At the end of the first quarter, for-sale inventory stood at 2.37 million existing homes, down 21.8 percent year over year. Inventories have been declining since a record 4.04 million in the summer of 2007, NAR said. “We now have broad shortages of lower-priced homes in much of the country, with very tight supply in Western states for homes through the middle price ranges. This is good news for many sellers who wish to list now, or for those waiting for prices to improve,” Yun said. Total sales of existing single-family homes and condominiums in the U.S. rose 5.3 percent on an annual basis in the first quarter to a seasonally adjusted annual rate of 4.57 million. “This is the highest first-quarter sales pace since 2007. With strong market fundamentals, total home sales this year should rise 7 to 10 percent,” Yun said. Regionally, sales rose the most in the Midwest, 11.7 percent year over year, to 1.02 million. The region posted a slight annual increase in median sale price, 0.8 percent, to $125,300.
In the Northeast, sales increased 6.6 percent to 590,000. The region’s median sales price dropped 3.2 percent from a year ago to $226,300.
The South saw a 4.1 percent jump in sales, to 1.76 million, and 1.2 percent rise in median price, to $143,600.
The West saw the smallest sales increase, 1.4 percent, to 1.2 million. Median price in the region fell slightly, 0.9 percent, to $196,200. First-time buyers accounted for a third of sales nationwide in the first quarter, a slight year-over-year increase. Cash buyers, mostly investors, made up 32 percent of sales last quarter, while investors made up 22 percent. Of 146 metro areas, 74 saw median sales prices increase year over year in the first quarter, compared to only 29 in the fourth quarter. Of the 20 metro areas to see the highest year-over-year jumps in sales prices in the first quarter, five were in Florida. Cape Coral-Fort Myers, Fla., saw the biggest price jump, 28.1 percent, to $117,600.

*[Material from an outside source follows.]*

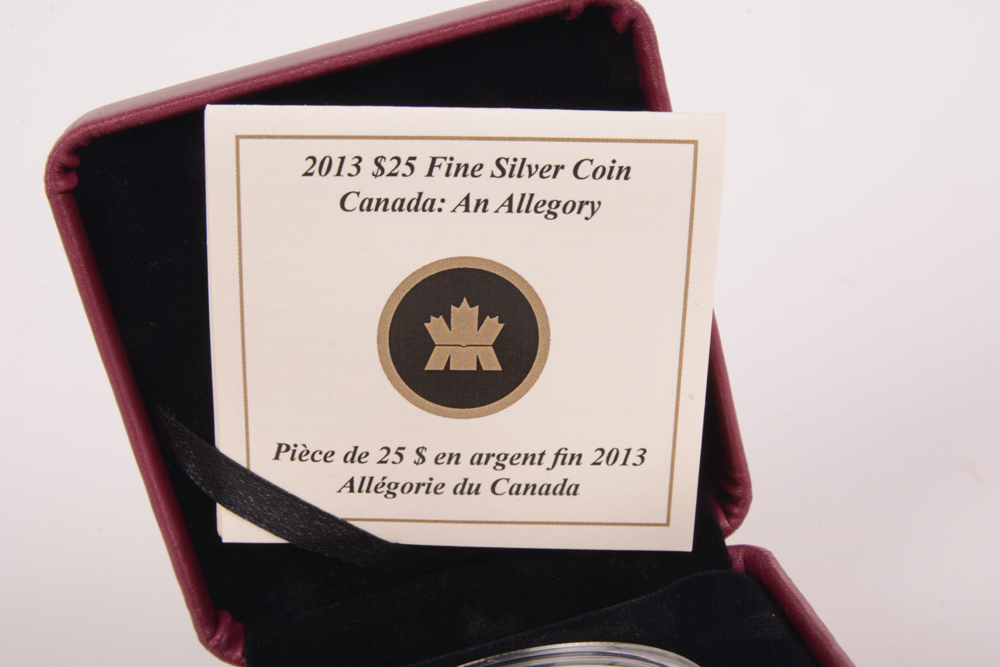 2013 Royal Canadian Mint "Canada: An Allegory" Silver Proof Coin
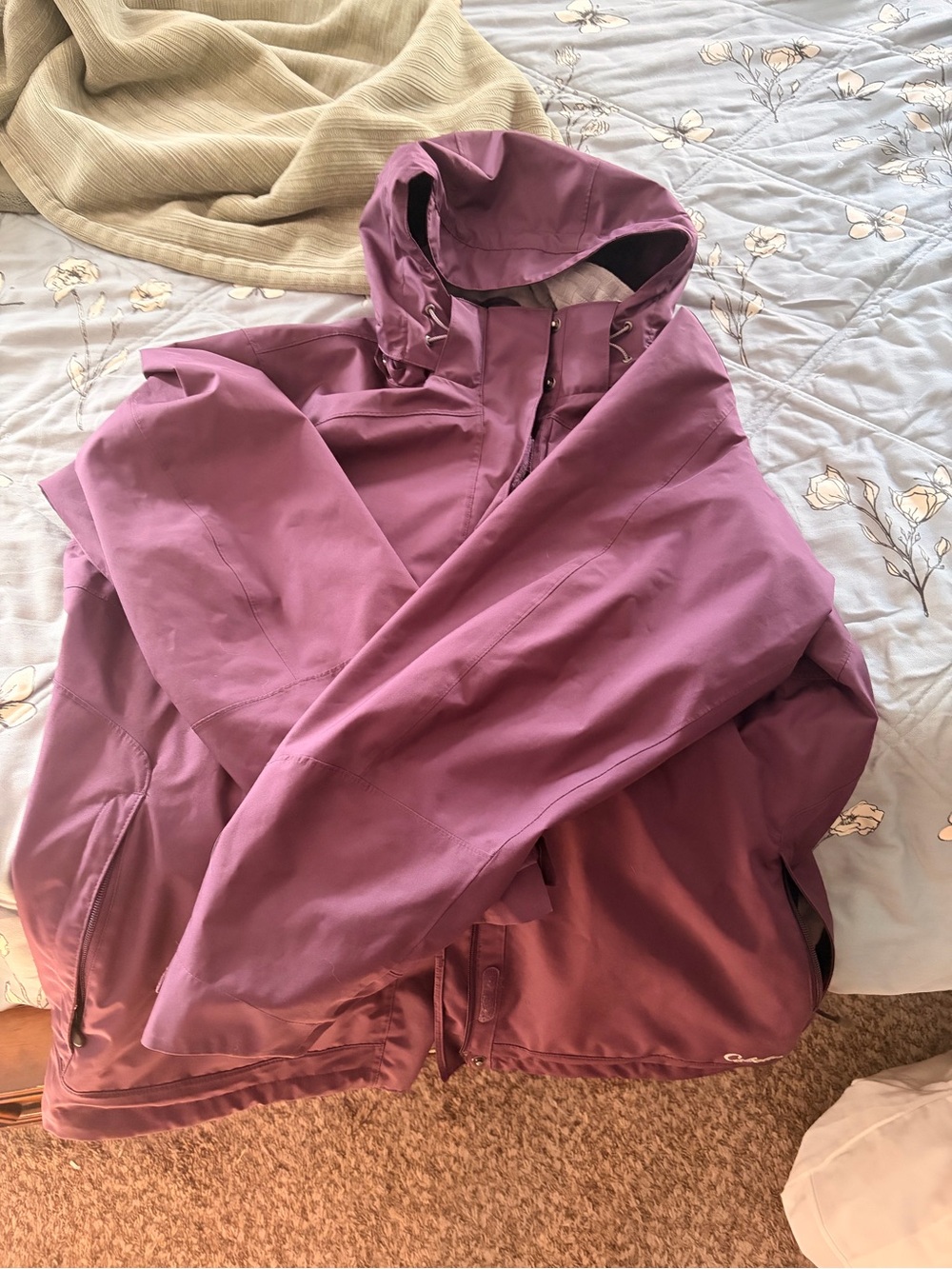 Cabela's Women's Plum Hooded Ski Jacket - Dusty Berry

Nonetheless, half of the 20 metros were in the Midwest, with Grand Rapids, Mich., posting the biggest increase in that region, 19 percent, to $96,500.
Among the top 20 metros with the sharpest annual price decreases, eight were in the Northeast, five were in the South, four were in the Midwest, and three were in the West.
Kingston, N.Y., saw the biggest decline, 22 percent, to $156,800, followed by Bridgeport-Stamford-Norwalk, Conn., down 18 percent to $334,000. While only four of the 20 metros that saw the biggest price increases had median sales prices above the national median in the first quarter, eight among those with the sharpest declines had medians above the national level.
With today’s report, NAR also released a new metro-by-metro analysis on the qualifying incomes to purchase a median-priced existing single-family home, assuming 5, 10 or 20 percent down payments and a mortgage interest rate of 4 percent with 25 percent of gross income devoted to mortgage principal and interest. Nationally, median family income was $61,000 in the first quarter, NAR reported. At the national median home price, a buyer making a 5 percent down payment would need a $34,700 income; that drops to $32,900 and $29,300, respectively, for those making 10 or 20 percent down payments, the association said. “Qualifying incomes are well below median incomes in most of the country, which means homebuyers generally can stay well within their means,” Yun said. “For example, a buyer in Indianapolis making a 10 percent down payment would need an annual income of $24,004 to purchase a median-priced home, while in Seattle it would be $55,300. For now, buyers are facing an extraordinarily advantageous situation if they can obtain a mortgage.”